Fandom is a fickle thing. When footage from Superman was previewed at a comic book convention in early 1978, irate fans tore posters and claimed Warner Bros. had "defecated on a legend." The reverential tone and Christopher Reeve's wholly delightful performance eventually won them over, but a few years and three sequels later the bright and breezy air of the Superman franchise was seen to embody everything wrong with superhero movies, and Batman (1989) was evidently the answer. Nowadays, Tim Burton’s hipster gothic is every comic geek's whipping boy, while Superman stands sanctified as "the greatest superhero movie ever made."

That might be overstating the case, but this multi-million dollar epic was the first to take its subject matter seriously and certainly has a lot going for it, especially in its initial two thirds. After the charming comic book intro and that exhilarating, first blast of John Williams' soaring score (which, as Stan Lee sagely observed, sounds out the hero's name), Richard Donner and genius cinematographer Geoffrey Unsworth (who passed away during post-production) leave us awestruck with the glacial grandeur of Krypton. It’s disheartening to see great actors like Trevor Howard and Harry Andrews, and lovely Susannah York so criminally wasted, abandoned to mope, grumble or flail wildly amidst the apocalypse. However, Brando (paid a then-record $2.5 million plus profit shares for thirteen days' work) plays Jor-El as though he were God. His grandiose presence really catches the mythic tone, although the great man originally wanted to portray Superman's dad as "a giant bagel... "

Unsworth transforms the hazy, Norman Rockwell-esque, wheat fields of rural Kansas into a heaven on Earth. The cradle of old-fashioned, American values that lie at the heart of Superman’s myth. Glenn Ford is only on screen for a few minutes, but - next to Reeve - delivers the film’s most sincere (and underrated) performance. His moving moral tutelage of young Clark leaves the early scenes the most beautifully realised. Once the action hits Metropolis, Christopher Reeve's likeability becomes the only thing going for it.

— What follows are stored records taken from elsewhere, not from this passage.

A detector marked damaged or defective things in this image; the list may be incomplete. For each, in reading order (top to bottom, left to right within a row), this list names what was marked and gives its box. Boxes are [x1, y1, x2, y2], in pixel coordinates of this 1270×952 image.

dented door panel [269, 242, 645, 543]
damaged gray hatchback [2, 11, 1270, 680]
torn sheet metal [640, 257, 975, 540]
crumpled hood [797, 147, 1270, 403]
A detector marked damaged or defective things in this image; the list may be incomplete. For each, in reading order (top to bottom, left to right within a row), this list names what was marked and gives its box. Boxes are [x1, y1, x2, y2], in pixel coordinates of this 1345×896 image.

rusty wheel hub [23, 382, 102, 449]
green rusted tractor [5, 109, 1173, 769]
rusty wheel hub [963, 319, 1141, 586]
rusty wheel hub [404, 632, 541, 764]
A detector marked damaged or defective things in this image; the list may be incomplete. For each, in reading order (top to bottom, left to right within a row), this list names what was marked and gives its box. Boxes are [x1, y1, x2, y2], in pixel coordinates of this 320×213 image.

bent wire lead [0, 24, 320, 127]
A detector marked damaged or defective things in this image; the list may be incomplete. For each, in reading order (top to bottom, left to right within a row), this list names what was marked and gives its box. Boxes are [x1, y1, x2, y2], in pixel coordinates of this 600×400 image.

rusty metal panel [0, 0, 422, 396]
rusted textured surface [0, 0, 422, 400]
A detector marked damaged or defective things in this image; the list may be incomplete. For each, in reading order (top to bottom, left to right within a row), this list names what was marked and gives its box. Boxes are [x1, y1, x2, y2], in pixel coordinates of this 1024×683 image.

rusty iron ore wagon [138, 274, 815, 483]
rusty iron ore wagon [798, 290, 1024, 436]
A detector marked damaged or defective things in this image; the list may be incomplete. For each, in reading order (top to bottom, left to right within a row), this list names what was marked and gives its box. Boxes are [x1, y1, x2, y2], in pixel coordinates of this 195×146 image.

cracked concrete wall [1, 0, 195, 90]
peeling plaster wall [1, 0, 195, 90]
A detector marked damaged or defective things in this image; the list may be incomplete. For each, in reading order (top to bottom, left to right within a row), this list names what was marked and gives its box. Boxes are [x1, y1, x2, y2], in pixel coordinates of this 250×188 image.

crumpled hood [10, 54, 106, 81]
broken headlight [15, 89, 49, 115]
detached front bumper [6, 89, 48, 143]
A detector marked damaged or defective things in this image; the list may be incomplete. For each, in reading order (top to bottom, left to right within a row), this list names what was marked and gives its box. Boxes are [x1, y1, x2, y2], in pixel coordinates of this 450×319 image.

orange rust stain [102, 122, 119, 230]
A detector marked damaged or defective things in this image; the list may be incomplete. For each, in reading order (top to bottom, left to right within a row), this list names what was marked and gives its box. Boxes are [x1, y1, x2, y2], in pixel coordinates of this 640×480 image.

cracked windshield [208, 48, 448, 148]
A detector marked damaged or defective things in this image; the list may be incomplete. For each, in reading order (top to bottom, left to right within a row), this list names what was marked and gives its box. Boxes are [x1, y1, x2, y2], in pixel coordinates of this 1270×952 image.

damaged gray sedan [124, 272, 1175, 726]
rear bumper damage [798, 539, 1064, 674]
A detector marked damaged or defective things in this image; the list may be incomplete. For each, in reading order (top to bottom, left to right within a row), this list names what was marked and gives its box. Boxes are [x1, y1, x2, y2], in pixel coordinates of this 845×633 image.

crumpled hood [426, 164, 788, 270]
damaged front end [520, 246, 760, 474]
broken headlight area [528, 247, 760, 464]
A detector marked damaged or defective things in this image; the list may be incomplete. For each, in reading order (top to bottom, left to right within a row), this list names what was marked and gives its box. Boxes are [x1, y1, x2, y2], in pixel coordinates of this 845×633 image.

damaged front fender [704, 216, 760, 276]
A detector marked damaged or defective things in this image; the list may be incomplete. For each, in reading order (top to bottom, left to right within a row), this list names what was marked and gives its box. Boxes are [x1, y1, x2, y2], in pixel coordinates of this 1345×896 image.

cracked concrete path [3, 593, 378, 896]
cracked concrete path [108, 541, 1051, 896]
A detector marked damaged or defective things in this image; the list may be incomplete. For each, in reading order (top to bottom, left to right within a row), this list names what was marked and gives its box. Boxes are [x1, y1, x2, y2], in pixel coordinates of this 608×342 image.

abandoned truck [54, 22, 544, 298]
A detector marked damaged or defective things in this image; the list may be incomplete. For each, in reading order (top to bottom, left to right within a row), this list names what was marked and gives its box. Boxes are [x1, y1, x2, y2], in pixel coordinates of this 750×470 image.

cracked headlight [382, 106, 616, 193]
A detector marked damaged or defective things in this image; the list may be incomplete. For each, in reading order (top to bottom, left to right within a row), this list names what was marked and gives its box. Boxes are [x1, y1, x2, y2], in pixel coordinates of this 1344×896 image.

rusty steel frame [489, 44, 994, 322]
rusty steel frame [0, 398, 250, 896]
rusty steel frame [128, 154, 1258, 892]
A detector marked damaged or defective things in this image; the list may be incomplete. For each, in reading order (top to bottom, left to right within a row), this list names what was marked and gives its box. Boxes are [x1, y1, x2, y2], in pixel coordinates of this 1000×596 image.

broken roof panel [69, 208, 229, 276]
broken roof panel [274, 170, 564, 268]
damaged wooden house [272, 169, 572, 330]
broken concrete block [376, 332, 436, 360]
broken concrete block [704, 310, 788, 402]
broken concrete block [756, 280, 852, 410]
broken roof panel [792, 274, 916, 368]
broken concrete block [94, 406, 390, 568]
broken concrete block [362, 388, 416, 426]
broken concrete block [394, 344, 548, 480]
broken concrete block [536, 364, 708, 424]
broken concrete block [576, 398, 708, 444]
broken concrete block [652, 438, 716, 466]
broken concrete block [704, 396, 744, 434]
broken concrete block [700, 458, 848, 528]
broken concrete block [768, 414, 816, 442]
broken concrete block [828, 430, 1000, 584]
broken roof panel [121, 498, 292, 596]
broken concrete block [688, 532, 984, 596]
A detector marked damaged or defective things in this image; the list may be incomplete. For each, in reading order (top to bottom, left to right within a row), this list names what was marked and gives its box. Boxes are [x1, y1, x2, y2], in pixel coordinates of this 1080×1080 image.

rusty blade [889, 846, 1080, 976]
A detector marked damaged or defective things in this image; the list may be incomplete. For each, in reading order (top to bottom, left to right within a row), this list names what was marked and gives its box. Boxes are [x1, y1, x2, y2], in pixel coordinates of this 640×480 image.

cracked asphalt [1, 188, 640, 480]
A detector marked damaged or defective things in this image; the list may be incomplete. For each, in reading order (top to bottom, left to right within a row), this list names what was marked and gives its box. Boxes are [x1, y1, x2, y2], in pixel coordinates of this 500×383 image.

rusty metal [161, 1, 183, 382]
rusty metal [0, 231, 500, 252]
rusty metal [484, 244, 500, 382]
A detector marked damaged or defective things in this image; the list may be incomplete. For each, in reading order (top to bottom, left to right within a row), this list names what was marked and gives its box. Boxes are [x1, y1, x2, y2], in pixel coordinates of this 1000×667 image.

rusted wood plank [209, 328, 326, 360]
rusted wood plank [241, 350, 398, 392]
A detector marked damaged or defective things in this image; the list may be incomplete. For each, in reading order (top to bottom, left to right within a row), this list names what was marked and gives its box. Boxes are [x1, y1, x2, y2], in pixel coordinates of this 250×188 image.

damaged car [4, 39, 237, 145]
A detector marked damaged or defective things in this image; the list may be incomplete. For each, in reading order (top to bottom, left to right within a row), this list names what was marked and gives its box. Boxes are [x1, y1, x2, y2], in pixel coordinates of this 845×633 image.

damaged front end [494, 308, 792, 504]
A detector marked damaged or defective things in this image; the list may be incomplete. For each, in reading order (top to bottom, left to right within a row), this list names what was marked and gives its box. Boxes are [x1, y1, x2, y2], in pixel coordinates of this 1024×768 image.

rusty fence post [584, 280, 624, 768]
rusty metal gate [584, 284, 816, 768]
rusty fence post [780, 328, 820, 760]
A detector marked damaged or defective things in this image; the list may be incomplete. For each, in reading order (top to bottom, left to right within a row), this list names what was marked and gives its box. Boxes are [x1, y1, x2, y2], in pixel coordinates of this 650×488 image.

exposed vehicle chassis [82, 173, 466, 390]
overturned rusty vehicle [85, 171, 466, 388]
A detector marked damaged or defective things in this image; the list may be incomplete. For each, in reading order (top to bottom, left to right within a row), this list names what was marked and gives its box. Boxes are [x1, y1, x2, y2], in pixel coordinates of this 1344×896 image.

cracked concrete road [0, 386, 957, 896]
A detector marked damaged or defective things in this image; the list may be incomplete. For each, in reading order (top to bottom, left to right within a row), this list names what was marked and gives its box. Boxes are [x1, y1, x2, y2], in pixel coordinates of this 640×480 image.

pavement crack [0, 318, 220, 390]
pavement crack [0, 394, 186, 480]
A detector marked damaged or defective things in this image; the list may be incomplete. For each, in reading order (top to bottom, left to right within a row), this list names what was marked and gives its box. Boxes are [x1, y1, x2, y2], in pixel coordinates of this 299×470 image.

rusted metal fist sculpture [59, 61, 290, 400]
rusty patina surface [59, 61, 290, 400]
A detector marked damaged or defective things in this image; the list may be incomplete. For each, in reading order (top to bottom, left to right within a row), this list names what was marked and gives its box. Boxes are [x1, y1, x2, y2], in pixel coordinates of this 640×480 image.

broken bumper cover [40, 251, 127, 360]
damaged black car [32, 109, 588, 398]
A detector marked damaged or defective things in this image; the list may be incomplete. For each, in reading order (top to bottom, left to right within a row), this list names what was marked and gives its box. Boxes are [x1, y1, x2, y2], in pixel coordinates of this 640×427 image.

Father and son producing team Ilya and Alexander Salkind (who seem to have alienated everyone they ever worked with) and co-producer Pierre Spengler (whom Richard Donner once claimed he'd like to kill) initially hired Mario Puzo to write the script. Not that he was a Superman aficionado, they figured hey, The Godfather (1972) was a massive hit - why shouldn’t lightning strike twice? In fact not one word of Puzo's five-hundred page screenplay was ever used, while the replacement draft co-authored by Robert Benton and Leslie Newman (which borrows elements from their Broadway musical: It’s a Bird... It’s a Plane... It’s Superman (1966)) was extensively rewritten by Tom Mankiewicz (Live and Let Die (1973)).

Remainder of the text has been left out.